## [Task item]
A faithful, complete copy of the entries is the sole expected answer.

======== Data listing ========

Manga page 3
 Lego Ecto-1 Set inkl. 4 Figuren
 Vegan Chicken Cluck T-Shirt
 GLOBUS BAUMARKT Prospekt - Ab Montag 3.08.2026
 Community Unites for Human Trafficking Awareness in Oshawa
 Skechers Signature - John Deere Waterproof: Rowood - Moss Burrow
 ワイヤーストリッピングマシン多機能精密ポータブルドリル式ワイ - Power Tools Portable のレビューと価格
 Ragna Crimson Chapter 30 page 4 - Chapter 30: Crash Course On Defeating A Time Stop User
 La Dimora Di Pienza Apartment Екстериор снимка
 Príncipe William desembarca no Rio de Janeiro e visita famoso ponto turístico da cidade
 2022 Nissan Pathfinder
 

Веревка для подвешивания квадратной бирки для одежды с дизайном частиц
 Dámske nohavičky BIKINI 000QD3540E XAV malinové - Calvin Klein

========

## [Result for this exercise]
Manga page 3
 Lego Ecto-1 Set inkl. 4 Figuren
 Vegan Chicken Cluck T-Shirt
 GLOBUS BAUMARKT Prospekt - Ab Montag 3.08.2026
 Community Unites for Human Trafficking Awareness in Oshawa
 Skechers Signature - John Deere Waterproof: Rowood - Moss Burrow
 ワイヤーストリッピングマシン多機能精密ポータブルドリル式ワイ - Power Tools Portable のレビューと価格
 Ragna Crimson Chapter 30 page 4 - Chapter 30: Crash Course On Defeating A Time Stop User
 La Dimora Di Pienza Apartment Екстериор снимка
 Príncipe William desembarca no Rio de Janeiro e visita famoso ponto turístico da cidade
 2022 Nissan Pathfinder
 

Веревка для подвешивания квадратной бирки для одежды с дизайном частиц
 Dámske nohavičky BIKINI 000QD3540E XAV malinové - Calvin Klein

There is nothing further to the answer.